Le risque d’explosion sociale est donc très fort au Guatemala.
Or, dans ce contexte, le Congrès, qui est acquis au président, a voté un budget colossal, mais oublieux des pauvres.
La lutte contre la corruption est un échec
Ce budget atteint 12,8 milliards de dollars, soit une hausse de 25% par rapport à celui de 2020. Cette hausse s’explique par la volonté de lutter contre la pandémie.
Or, les fonds sont surtout destinés à des chantiers d’infrastructures confiés au secteur privé.
De nombreux Guatémaltèques pensent que cela va favoriser la corruption, car le flou règne sur les postes de dépenses.
De plus, l’endettement de la population va beaucoup augmenter.
Et les Guatémaltèques ne voient pas en quoi ce budget va lutter contre la pauvreté, la malnutrition, les inégalités, aider le système de santé ou l’éducation.
Alejandro Giammattei s’était pourtant fait élire en janvier sur la promesse de lutter contre la corruption.
D’ailleurs, son prédécesseur Jimmy Morales terminait son mandat sous le feu d’accusations de malversations après avoir promis lui aussi d’en terminer avec ce fléau.
Malgré sa promesse, le nouveau président n’a pas souhaité le retour d’experts de l’ONU : une commission destinée à lutter contre la corruption, que Jimmy Morales avait renvoyée. D’ores et déjà, Alejandro Giammattei se décrédibilisait dans sa volonté de lutter contre la corruption.

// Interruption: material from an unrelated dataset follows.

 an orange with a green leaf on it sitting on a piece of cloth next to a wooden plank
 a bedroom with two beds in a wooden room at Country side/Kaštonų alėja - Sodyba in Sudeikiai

Des manifestants ont mis le feu au Parlement
Samedi, alors qu’une manifestation pacifique réclamant la démission du président se tenait à proximité du Congrès, un groupe de manifestants a mis le feu au Parlement.
Une quarantaine de personnes ont été interpelées.
Au sujet de la manifestation pacifique, des forces de l’ordre ont lancé des gaz lacrymogènes sur la foule, qui comprenait aussi des enfants.
Dimanche, des centaines de Guatémaltèques ont de nouveau manifesté.
Tandis que le président appelle au dialogue, le vice-président prend ses distances avec lui.
Il propose au président qu’ils démissionnent tous les deux.
Il demande aussi à la justice d’enquêter non seulement sur l’incendie des bureaux du Parlement mais aussi sur la répression policière.
Deux organismes américains, l’Organisation des Etats américains (OEA) et la Commission interaméricaine des droits humains sont opposés au président.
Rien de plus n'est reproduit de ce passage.